CSE faculty funded for three precision health projects

The CSE faculty include Prof. David Fouhey, Prof. Danai Koutra, Prof. Rada Mihalcea, and Research Scientist Veronica Perez-Rosas.

Three of seven projects funded through the 2019 U-M Precision Health Investigators Awards have Co-PIs with a home in CSE.

Spanning across 19 colleges and schools, Precision Health brings the best and brightest at U-M together to 1) develop fundamental social, medical, computational, and engineering science; 2) translate these basic science discoveries into promising treatments that are evaluated in partnership with Michigan Medicine patients and regional health systems; and 3) evaluate and increase the public health impact of effective therapies, working with community health systems, policy makers, and payers to implement these therapies nationally.

These three CSE-related projects are highlighted below. Each team of Investigators Awards recipients will be funded with $300,000 over two years to pursue their research.

Characterizing and Understanding Time-varying Functional Connectivity States via Network Science and Deep Neural Networks

Prof. Danai Koutra and Chandra Sripada, Associate Professor of Psychiatry and Philosophy, have been funded for their project, “Characterizing and Understanding Time-varying Functional Connectivity States via Network Science and Deep Neural Networks.”

Regarding the project, Prof. Koutra says, “The field of dynamic functional connectivity (dFC) is a newly booming and exploratory branch of neuroscience aimed at understanding how the connectivity (i.e., relationships across distinct regions of the brain) in functional brain networks may change over time, even in a ‘resting state.’ The overarching aim of our work is to shake up the existing statistical paradigms with entirely new approaches to tackle the complex problem of detecting dynamicity in noisy fMRI data with data-driven techniques that take maximal advantage of both the spatial and temporal granularity of fMRI.
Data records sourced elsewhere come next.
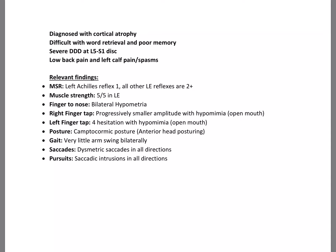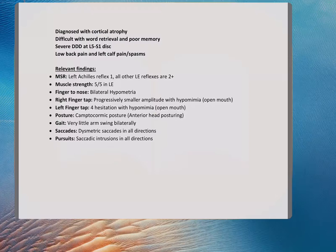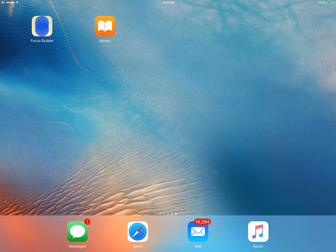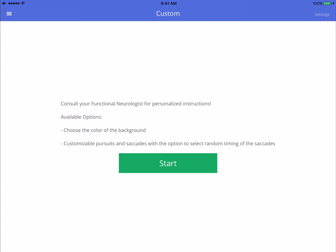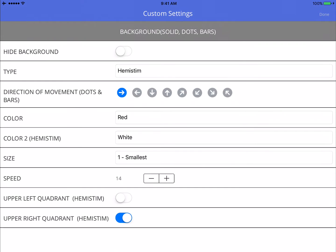So let's go to the FocusBuilder app here so I can show you what I did for this patient. I programmed one exercise in which, in the custom exercise here, in which I could try to achieve or target as many of the involved areas as possible in one exercise. So that would be left cerebellum, right cerebellum, bilateral frontal.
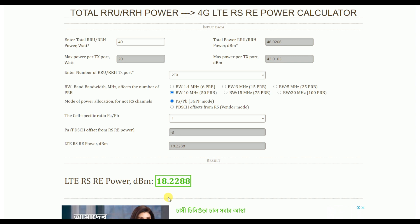Another common question: if we change bandwidth — say we have a 10 MHz network and purchase an additional 10 MHz — do we need to change parameters like RS power? The answer is yes. For example, keeping all other settings and increasing from 10 MHz to 20 MHz, the RS power automatically changes from 18.2 to 15.2 dBm. Whenever we upgrade bandwidth, we must consider that RS power will change.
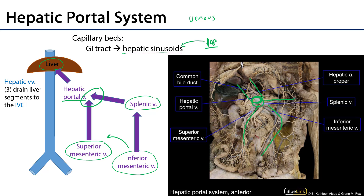Blood from the hepatic artery proper and blood from the hepatic portal system mixes in the hepatic sinusoids. Blood from those hepatic sinusoids then drains from the liver via hepatic veins — typically there are three hepatic veins draining into the inferior vena cava. Any vessel that drains into either the superior or inferior vena cava is part of the caval system, whereas any vessel that drains into the hepatic portal vein is part of the portal system.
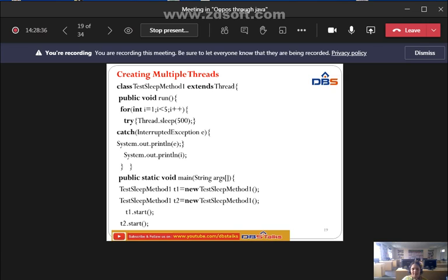To access the threads, we use the syntax: thread object name dot method name. So t1.start() and t2.start(). This is how we call the start method on each thread object.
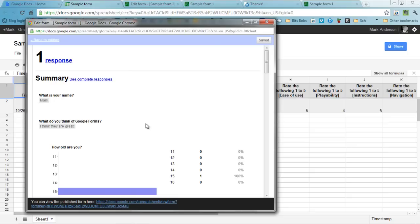Google Forms is super powerful. And not only can you view it using your Mac or your PC or your laptop, you can also access Google Forms through your tablet, even through your mobile device. Google Forms. Super powerful. Super great. I hope you make great use of them.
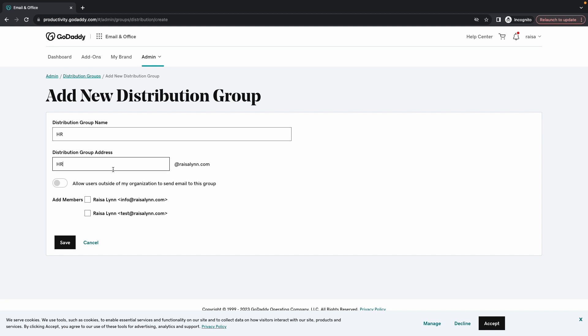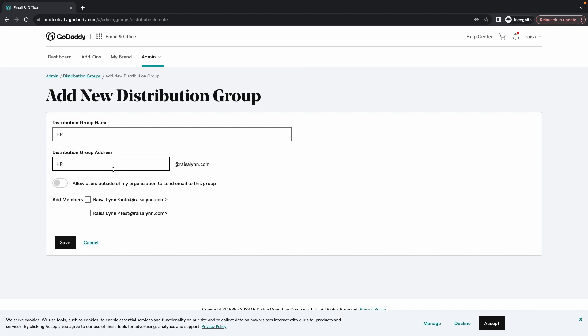If you want to allow users outside your organization to send emails to the group, then turn on the toggle. All user accounts associated with primary email will display. Select the members that you want to be part of the group.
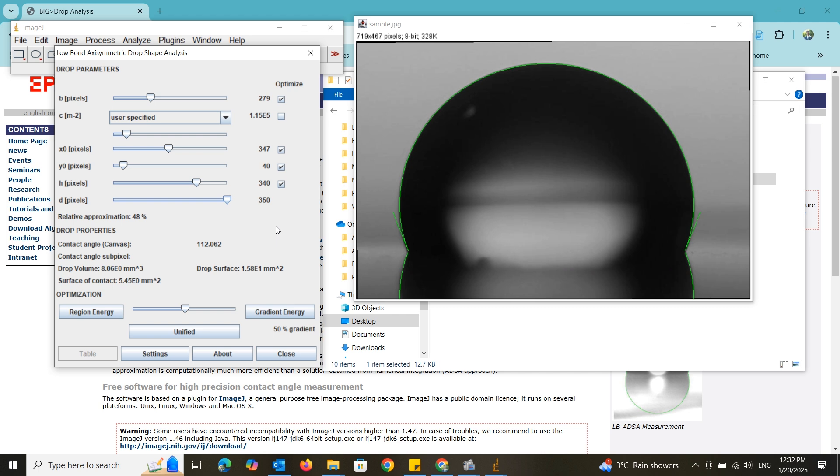Before that, you have to choose which parameters need to be optimized. Since I don't know anything about the capillary constant, I am going to optimize that one too.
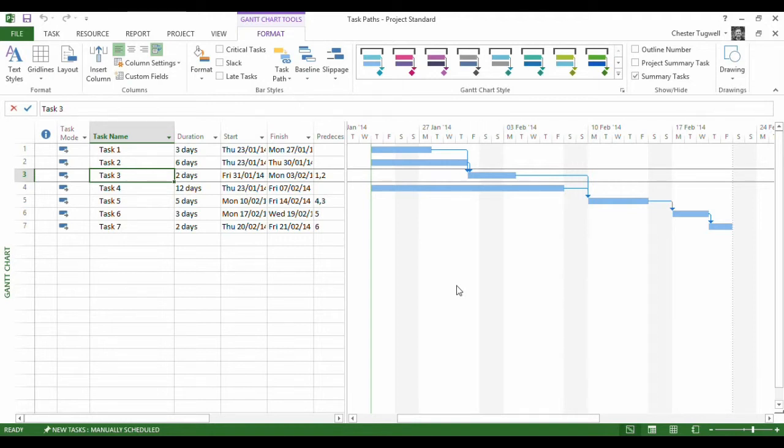Hi, it's Chester Tugwell from BluePecan Computer Training. We're in Project 2013 here and we're going to look at a new feature called Task Path Highlighting.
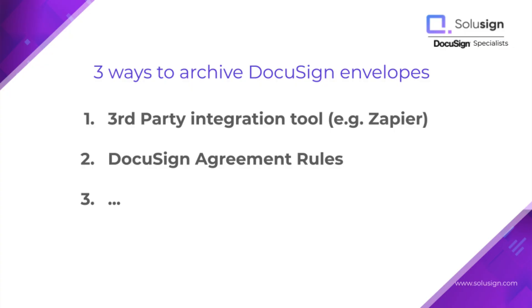The second way that you can automate your documents to flow into the cloud-based folder of your choice is to use DocuSign itself. Depending on the type of subscription that you're on, you're going to get access to something called agreement rules.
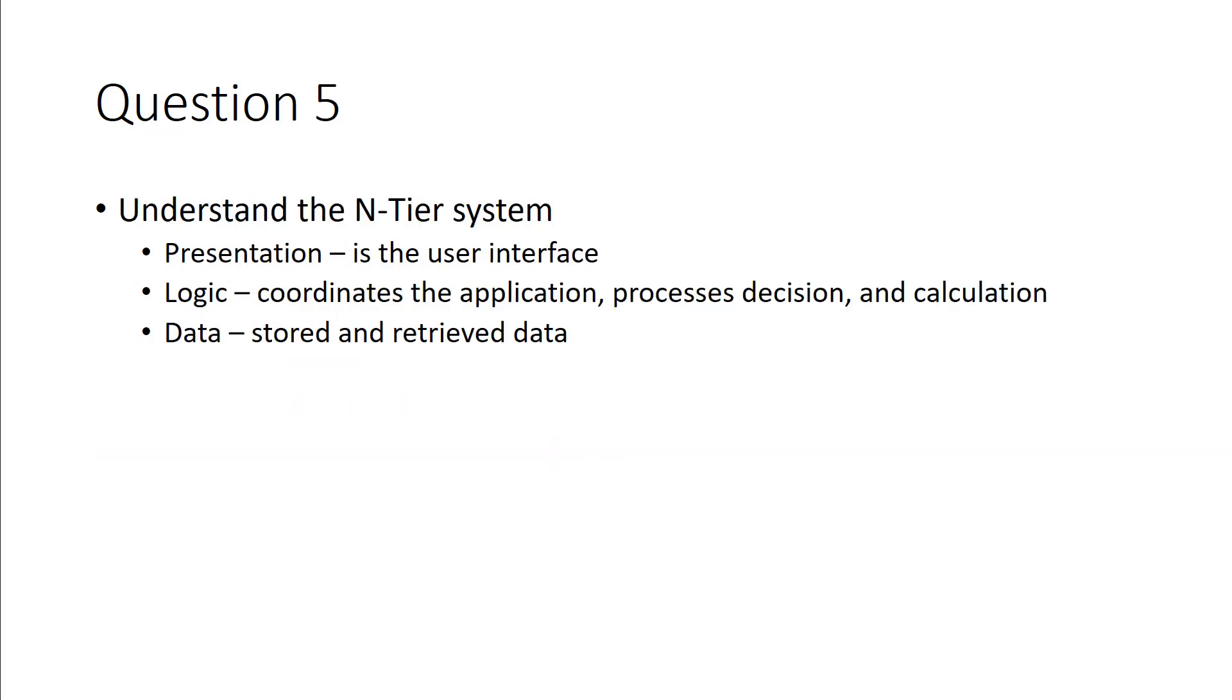Last question for this review is understanding the N-tier system. N-tier typically comes in three tiers: presentation, logic, and data.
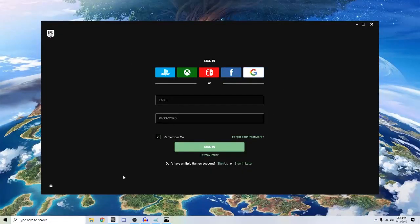The first method is to try to login into your linked account, such as Facebook, Xbox, Nintendo, or Gmail.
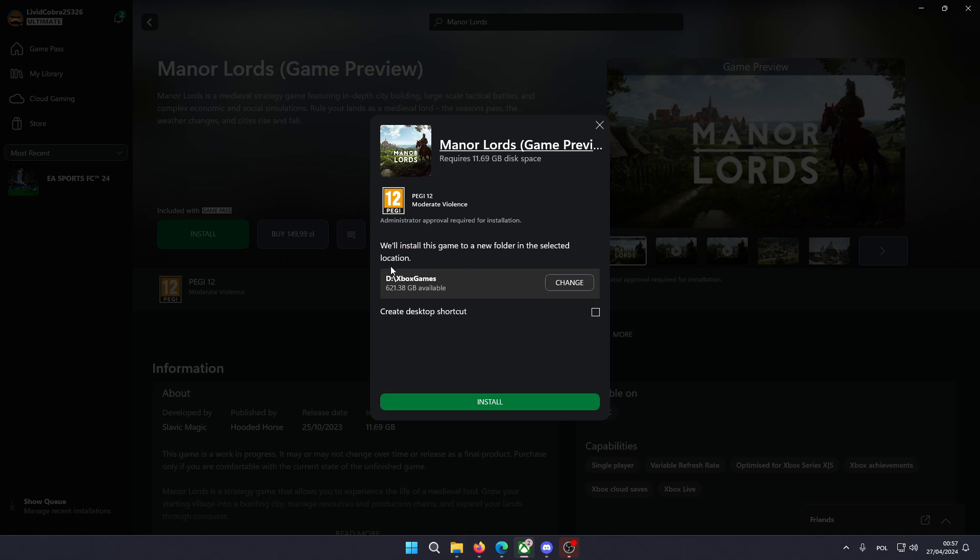Now we can also choose where we want to install, we can choose the location of the game folder, you can click change if you want to. And if you also want to create a desktop shortcut, then you can tick this box over here and then press install.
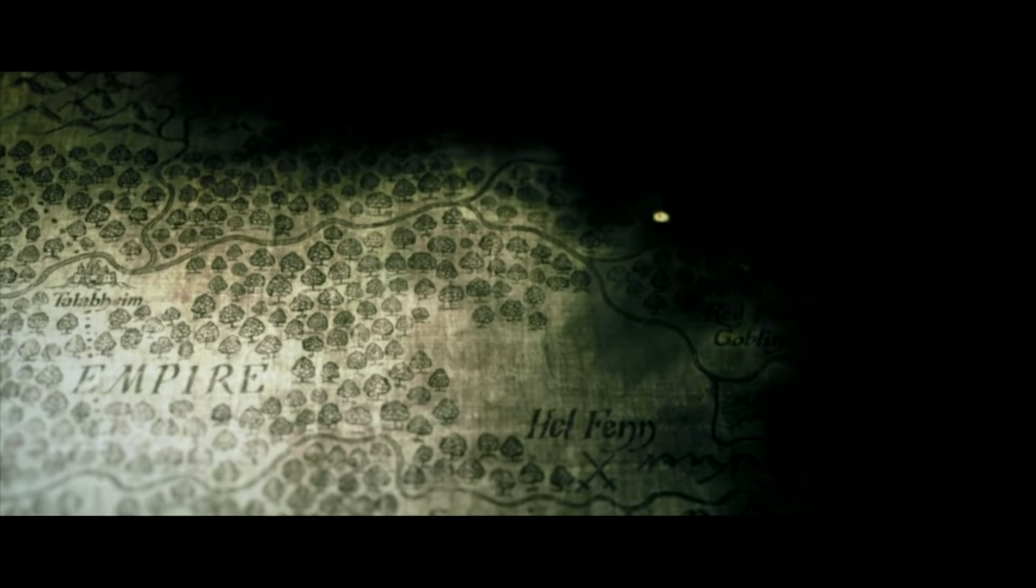The hordes of chaos, though leaderless, continue to taint the northlands of the Empire.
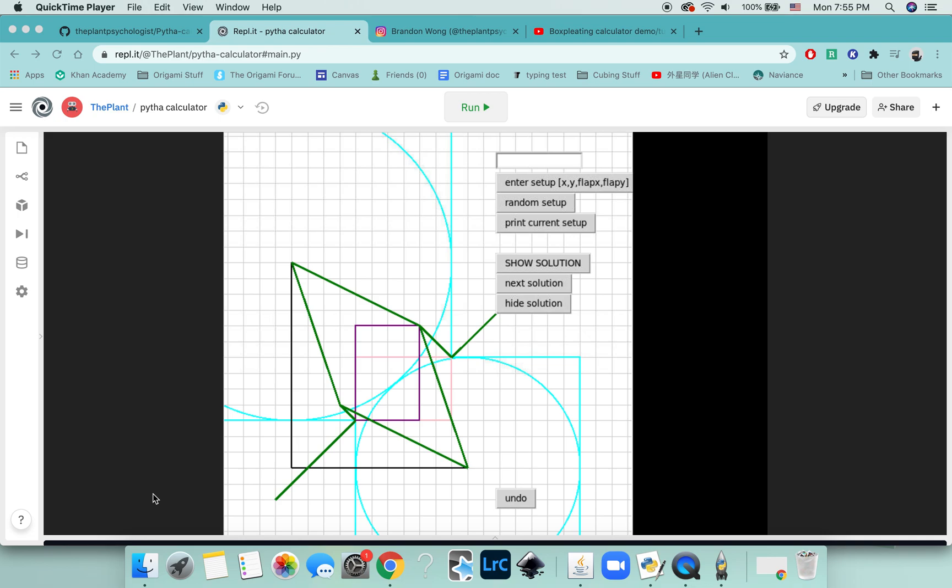I got another designing tool that you can use, and this time you can actually use it in the browser. So if you don't have Python, you can use it in the browser. The link will be in the description.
“By taking a multidisciplinary approach that combines neuroscientific principles with cutting-edge computational methods like deep learning and network science, we will contribute a principled, data-driven framework that will provide much needed generalizability, interpretability and reproducibility to the field of dFC. Our work will bring the tenants of precision medicine to the critically important study of dFC. By enabling the robust and precise identification of baseline time-varying FC, our work may lead to better and earlier non-invasive diagnostics for various psychiatric disorders and may help to better understand their functional origins in the brain.”

Precision Counselor: Natural Language Processing for Enhanced Behavior Counseling

Prof. Rada Mihalcea, Research Scientist Veronica Perez-Rosas, and Kenneth Resnicow, Professor of Health Behavior & Health Education have been funded for their project, “Precision Counselor: Natural Language Processing for Enhanced Behavior Counseling.”

“Patient-centered behavioral counseling for substance abuse, medication adherence, and other behavior changes is a cornerstone of our health care delivery system,” says Prof. Mihalcea. “We are very excited to embark on this collaboration involving expertise in both Artificial Intelligence and Motivational Interviewing to start developing computational methodologies that can assist counselors in their interventions and allow them to receive timely and cost-effective feedback.”

Precision Diagnosis in Patients with Acute Dyspnea by Linking Imaging and Clinical Data

Prof. David Fouhey and Michael Sjoding, Assistant Professor of Internal Medicine-Pulmonary/Critical Care, have been funded for their project “Precision Diagnosis in Patients with Acute Dyspnea by Linking Imaging and Clinical Data.”

“Our work investigates how best to develop algorithms that combine data from digital images with clinical data from the electronic health record to support medical diagnosis,” Prof. Sjoding says. “Our focus is on the diagnosis of acute respiratory and cardiac conditions in hospitalized patients. I am a practicing pulmonary and critical care physician at Michigan Medicine, and my Co-PI, David Fouhey, is an expert in computer vision at the College of Engineering. This work leverages our joint expertise and the extensive clinical data resources available through Precision Health.”